Miniatura Marvel Nº 40 - Dr. Estranho

A capa é outro destaque. Desde pequeno o formato do manto do Dr. Estranho me chama atenção, com suas imensas golas em formato de dois chifres, conferindo um "ar" ao mesmo tempo demoníaco (quando visto de costas) e de poder e introspecção quando visto de frente. Além disso, o manto está com uma modelagem que lhe confere as ondulações características de um tecido grosso e pesado. O famoso, o lendário, Olho de Agamoto está presente prendendo o manto ao peito do herói. Sua presença enriquece e dá consistência histórica à peça, algo que todo fã quer ver no personagem que gosta. Outro ponto que merece destaque são as inscrições presentes na faixa amarela mais externa da capa. Como "runas" místicas, esses desenhos também estão de acordo com o visual que todos nós conhecemos do velho e bom mago. A modelagem do rosto, infelizmente não faz jus ao personagem. Embora o bigode seja sua marca registrada, de alguma forma sua face, da maneira como está, deixa o herói com uma idade e uma aparência não muito poderosa, pelo contrário.

Miniatura Marvel Nº 40 - Dr. Estranho

O Dr. Estranho é na verdade Stephen Strange, um médico cirurgião outrora famoso e arrogante. Ao melhor estilo Marvel, a origem do personagem é marcada pelo processo de derrocada e redenção. Antes de se tornar o herói que conhecemos ele era incapaz de realizar um ato sequer movido por bondade ou altruísmo, tudo o que o dirigia eram sua ambição e o amor pelo dinheiro. Um terrível acidente de carro, no entanto faria com que Strange perdesse determinados movimentos de suas mãos, impedindo-o, para sempre, de operar. Orgulhoso demais para procurar colegas de profissão em busca de uma cura, ou pelo menos um exercício mais "clínico", e não cirúrgico, da medicina, Stephen Strange partiu em busca de um homem que ouvira falar, O Ancião. Ao final de uma penosa jornada pela Montanhas do Tibete, ele encontraria o alvo de sua busca. Em um mosteiro isolado ele conheceria O Ancião que, reconhecendo o orgulho e egoísmo no coração do médico, lhe proporia um outro tipo de tratamento, a possibilidade do aprendizado das Artes Místicas. Talvez O Ancião tivesse reconhecido alguma chama de bondade no coração de Strange, ou talvez ele apenas estivesse preocupado com o fato de seu outro pupilo (o malévolo Barão Mordo) o suceder como grande mago.

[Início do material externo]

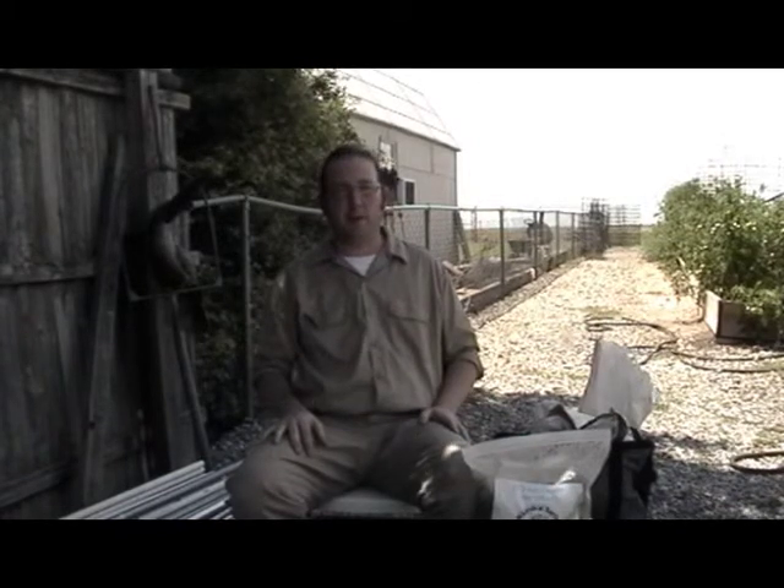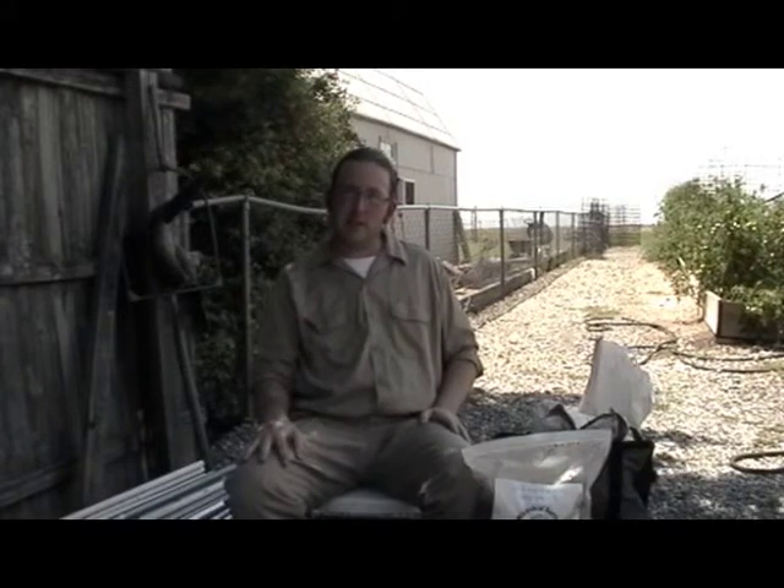This is Obi with Rod Organics bringing you another episode of Organic Vegetable Gardening, where we learn to be better gardeners. This episode we're going to talk about micronutrients, to follow up on our general talk about plant nutrition.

Miniatura Marvel Nº 40 - Dr. Estranho

O fato é que Stephen acabaria ficando no mosteiro e, em seu processo de aprendizado, acabaria por se ver transformado em um homem amável e preocupado com o próximo. Após vencer Mordo o Dr. Estranho receberia de seu mentor uma das maiores armas místicas do universo, o Olho de Agamoto. As histórias do personagem fizeram sucesso sobretudo ao longo do anos 60 e 70, décadas imersas em um psicodelismo muito presente nas sagas de Stephen Strange como Mago Supremo. Meu primeiro contato com o personagem se deu na extinta revista Super Aventuras Marvel da Editora Abril no início dos anos 80. Lembro-me inclusive que, aos meus 12 anos de idade, eu quase chorei de alegria ao receber pelo correio o exemplar de Nº 10 da revista que completaria assim minha coleção até ali, e que trazia ninguém menos que o Dr. Estranho na capa. Um tipo de recordação que apenas fãs nerds que conservaram a "chama" acesa dentro de si podem entender.

Miniatura Marvel Nº 40 - Dr. Estranho

Aproveitando o tema "HQs" do personagem, gostaria de lembrar duas delas que me marcaram profundamente. Recentemente pude ver uma delas relançada. "Triunfo e Tormento" possui roteiro de Roger Stern e arte de Mike Mignola e é uma descida aos porões da psiquê do Dr. Destino e do Dr. Estranho. Uma uma história de tragédia, amor e dor. Recomendo!! A 2ª HQ (e que gostaria muito de ver novamente nas bancas) é talvez a que mais tenha me marcada: Shamballa. A história, escrita por J.M. DeMatteis e com fantásticos desenhos de Dan Green, traz o Dr. Estranho às voltas com o mítico lugar citado por muitos textos antigos e sagrados do oriente, Shamballa. Um local secreto e escondido na cordilheira do Himalaia ou próximo à Sibéria. Um lugar de sonho, felicidade e paz. A história consegue captar a essência e o potencial do Mago Supremo e foi lançada no Brasil apenas uma vez dentro da inesquecível coleção de Graphic Novel da editora Abril entre os anos de 1988 e 1992. Assim, Shamballa seria um grande e inesquecível relançamento.

Miniatura Marvel Nº 40 - Dr. Estranho

O Dr. Estranho é ainda um personagem fascinante para mim. Sempre que lembro dele me vem a mesma imagem que tanto me maravilhou inicialmente, ou seja, sua soturna mansão no bairro do Grrenwich Village em Nova York à rua Bleecker Street 177A (mesmo endereço aliás de Roy Thomas, autor de várias histórias do persoangem). Vislumbrar a mansão por fora era pensar: Que estranhos segredos essa mansão, ou seu morador escondem? Que estranhos portais seus corredores, bibliotecas e salões guardam? Pois foi com essas perguntas que o Dr. Estranho entrou para minha preferência de personagens Marvel.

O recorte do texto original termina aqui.